---- SOURCE MATERIAL

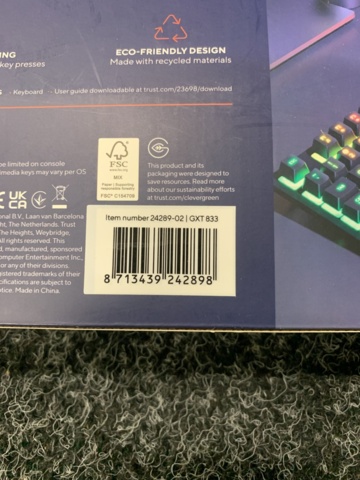 1089995-3 Gaming keyboard Trust GXT 833 Thado TKL (black)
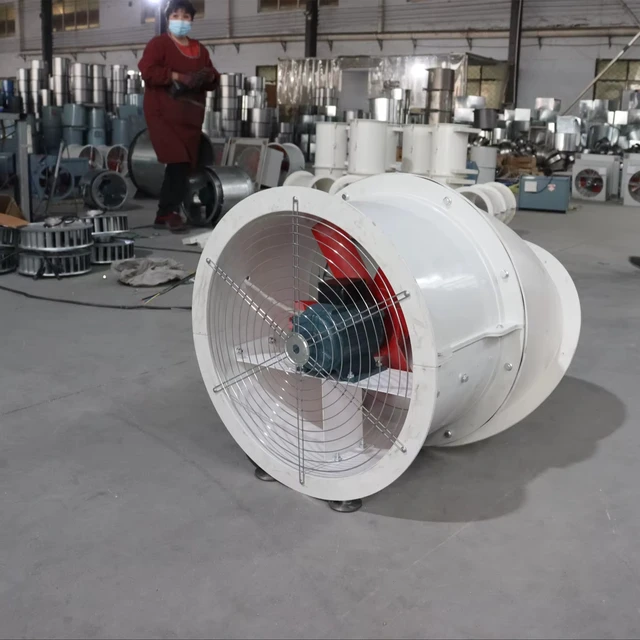 China BT35 Hazardous Area Explosion Proof Tunnel Ducted Axial Flow FRP Fan 220V/380V Explosive Circular Exhaust Fans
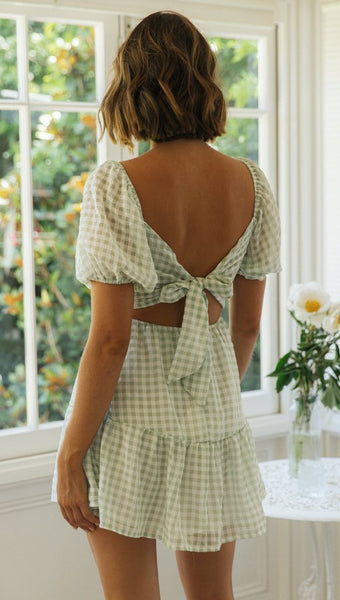 Green Plaid Surplice Mini Dress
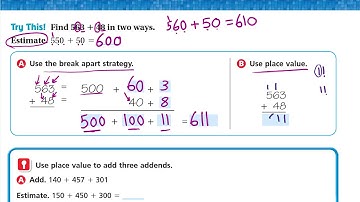Go Math 3rd grade Lesson 1.7 Use Place Value to Add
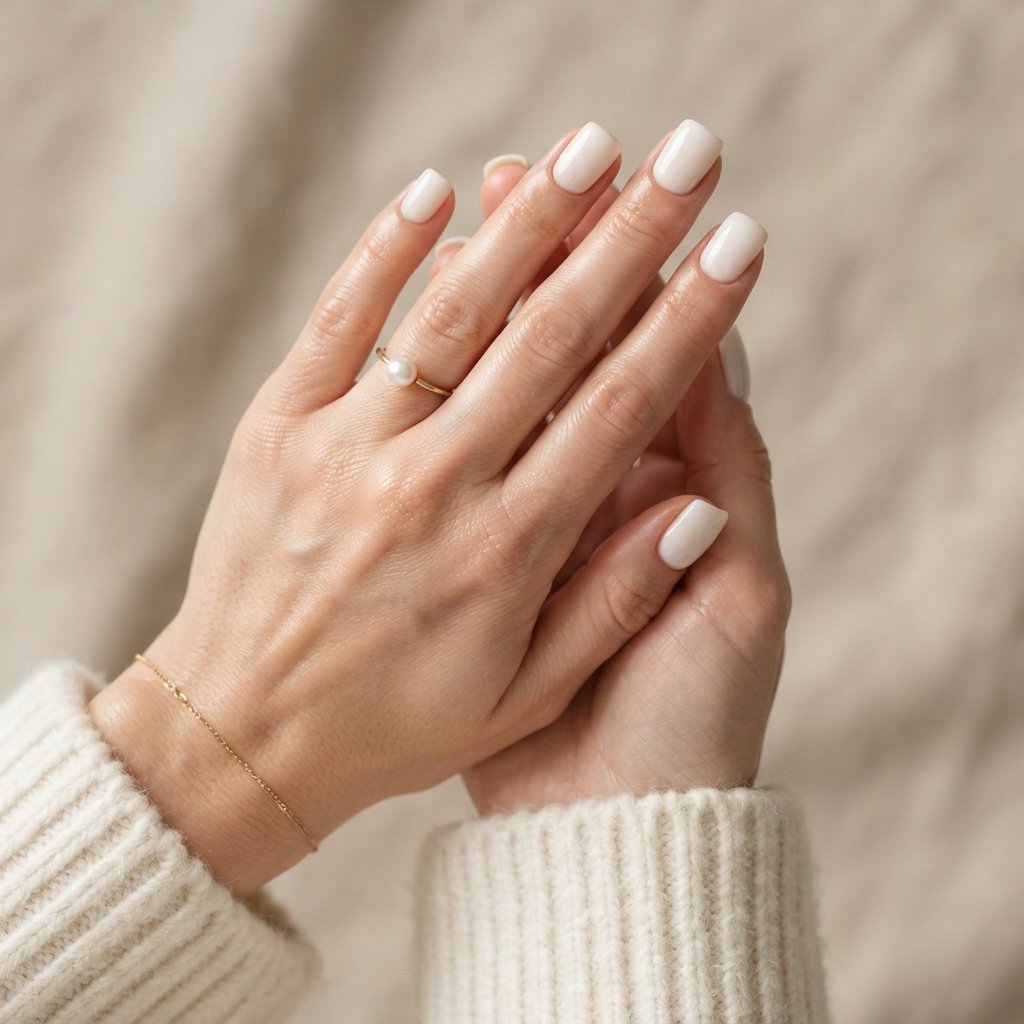 Soft Cream Square Nails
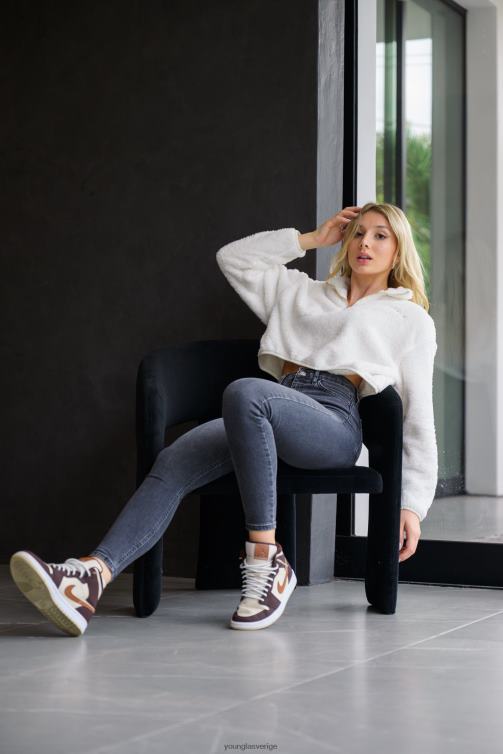 YoungLA kvinnor w506 teddy fleece tröja lax Kläder 62TXL1204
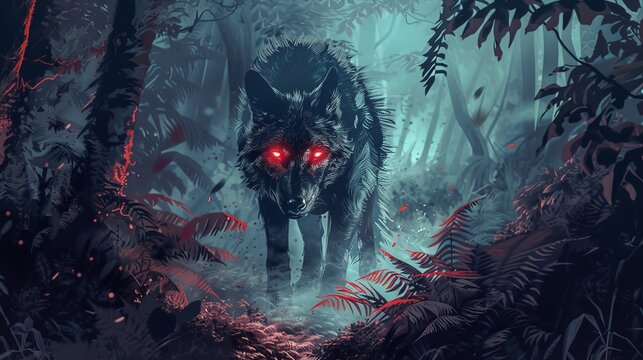 Mystical red-eyed wolf standing in a dark enchanted forest with dense fog and silhouetted trees, capturing a mysterious and powerful atmosphere, perfect for fantasy-themed visuals, mythical creatures,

--------

**WHAT THE TASK REQUIRES:** Reproduce the material above exactly, first line through the line that contains "Soft Cream Square Nails", minus the pictures.

**YOUR RESPONSE:**
 1089995-3 Gaming keyboard Trust GXT 833 Thado TKL (black)
 China BT35 Hazardous Area Explosion Proof Tunnel Ducted Axial Flow FRP Fan 220V/380V Explosive Circular Exhaust Fans
 Green Plaid Surplice Mini Dress
Go Math 3rd grade Lesson 1.7 Use Place Value to Add
 Soft Cream Square Nails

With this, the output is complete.